Kathleen Caron, chair of the Department of Cell Biology and Physiology, said Smith is “one of our most creative, innovative and groundbreaking scholars” who possesses dual talents as an inventor and
“As an inventor, Dr. Smith has relied upon his training in mathematics and physics to develop new machines, microscopes and lenses that permit the real-time visualization of actively firing neuronal circuits on a wide scale, and in some cases, even within two different areas of the visual cortex simultaneously,” Caron said.
During the early phase of his independent career, Smith has also published 14 papers in such prestigious journals as Nature, Nature Biotechnology, Nature Neuroscience, Neuron, Nature Neuron and Journal of Neuroscience.
Smith’s creativity and innovation have resulted in several prestigious junior investigator awards and grants from the McKnight, Simons, Whitehall and Klingenstein foundations, two from the Human Frontiers in Science Program and two NSF BRAIN Initiative grants, including one for $9 million to lead a national consortium of researchers to create new technologies to study the mysteries of the brain.
Stephanie B. Wheeler
Wheeler is a decision scientist whose research focuses on understanding and improving cancer care access, equity, quality, value and outcomes, with a focus on vulnerable populations.
She leads the national, multicenter, Centers for Disease Control-funded Cancer Prevention and Control Research Network, which focuses on dissemination and implementation of evidence-based cancer-focused interventions. She also co-directs the National Cancer Institute-funded Cancer Care Quality Training Program and the NCI-funded Geographic Management of Cancer Health Disparities Program.
Her work has resulted in 85 peer-reviewed publications, more than 100 public presentations at national conferences, symposia and other venues, and more than $10 million in grant funding.
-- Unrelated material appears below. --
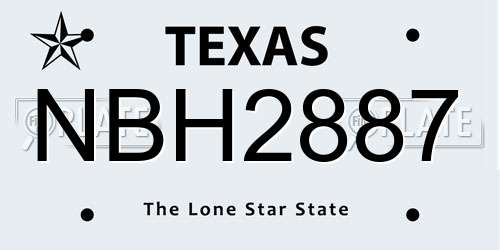 NBH2887 Texas License Plate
“Stephanie’s strong passion for conducting policy-relevant public health research to reduce disparities among patients with cancer is palpable,” said Morris Weinberger, chair of the Department of Health Policy and Management. “Her research has spanned cancer care from screening to treatment and survivorship.”
Wheeler earned a doctorate at the Gillings School of Global Public Health before joining the health policy management faculty in 2010. Earlier this year, Wheeler received the Association of Schools and Programs of Public Health Early Career Public Health Research Award.
Jo Anne L. Earp, research professor in the Department of Health Behavior, said Wheeler is becoming a nationally known “behavioral science interventionist” dedicated to closing racial divides in cancer treatment. “On top of her scholarly brilliance, she has superior management skills, budgetary savvy and a deep familiarity with working with large-scale secondary sources of data,” Earp said.